Brief descriptive captions
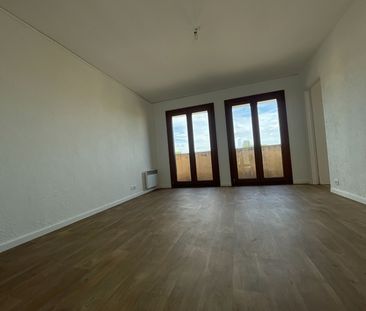 Les Milles - Type 3 en dernier étage - 57m² - 980€ - Photo 2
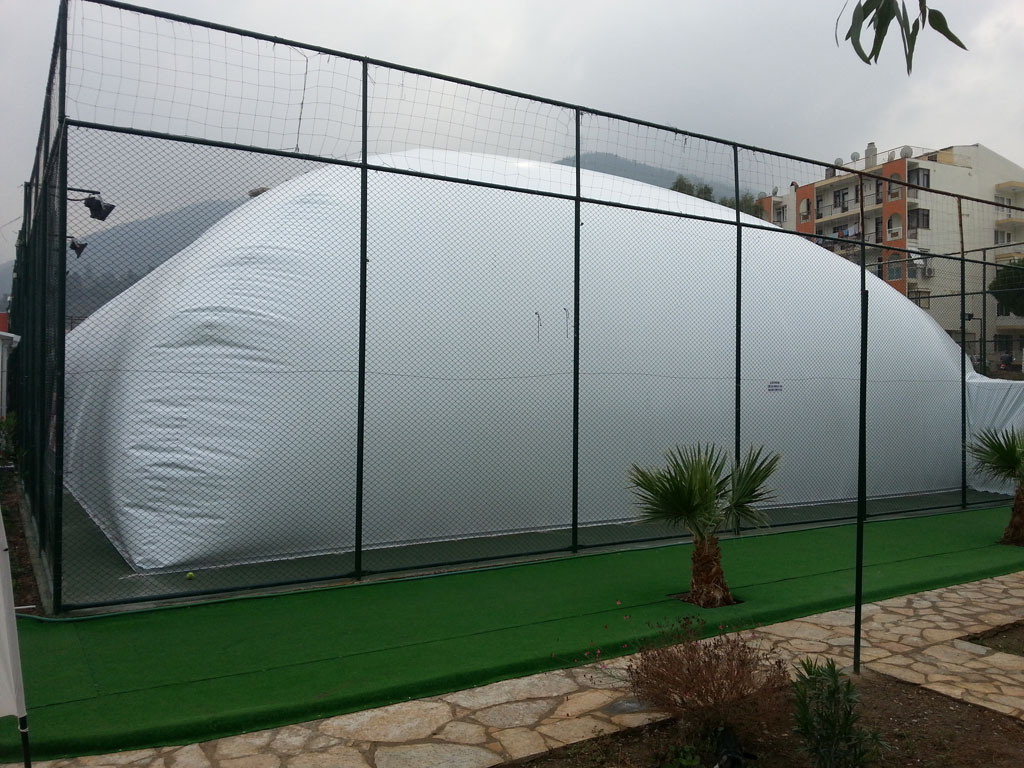 Futbol sahası üst kapatma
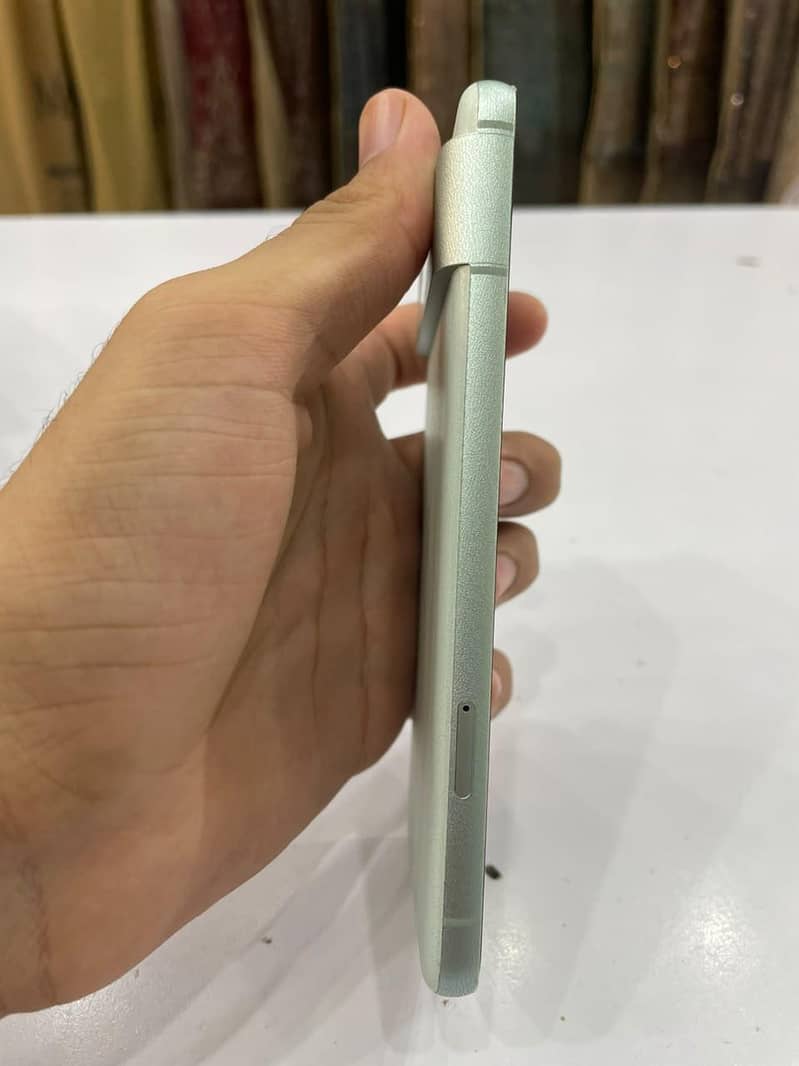 Google Pixel 8 3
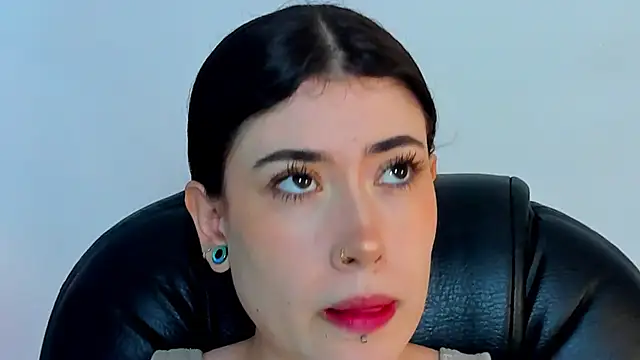 melody suarez online show from 12/30/24, 07:42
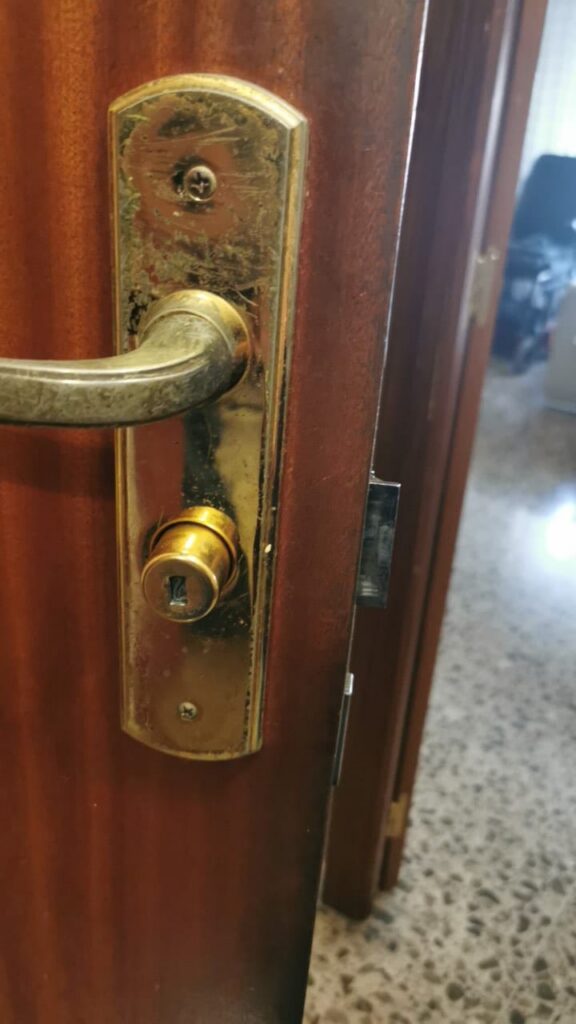 Apertura de puertas La Latina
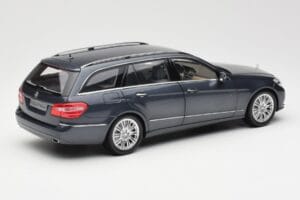Mercedes E-Class S212 T-Model Tenorit Gray Metallic Minichamps 1:18 B66962447 Diecast - image 3 of 8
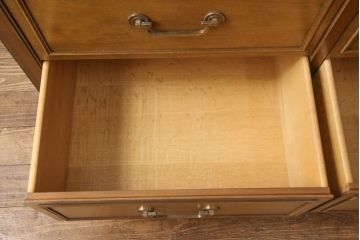 中古　DREXEL HERITAGE(ドレクセルヘリテイジ)　Triune(トライユン)　気品あふれる佇まいが魅力のマホガニー材製サイドボード(定価約70万円)(チェスト、引き出し)(R-054843)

__Activity__.
Should a record include a picture, omit it from your copy and return the rest unchanged.

__Task response__.
 Les Milles - Type 3 en dernier étage - 57m² - 980€ - Photo 2
 Futbol sahası üst kapatma
 Google Pixel 8 3
 melody suarez online show from 12/30/24, 07:42
 Apertura de puertas La Latina
Mercedes E-Class S212 T-Model Tenorit Gray Metallic Minichamps 1:18 B66962447 Diecast - image 3 of 8
 中古　DREXEL HERITAGE(ドレクセルヘリテイジ)　Triune(トライユン)　気品あふれる佇まいが魅力のマホガニー材製サイドボード(定価約70万円)(チェスト、引き出し)(R-054843)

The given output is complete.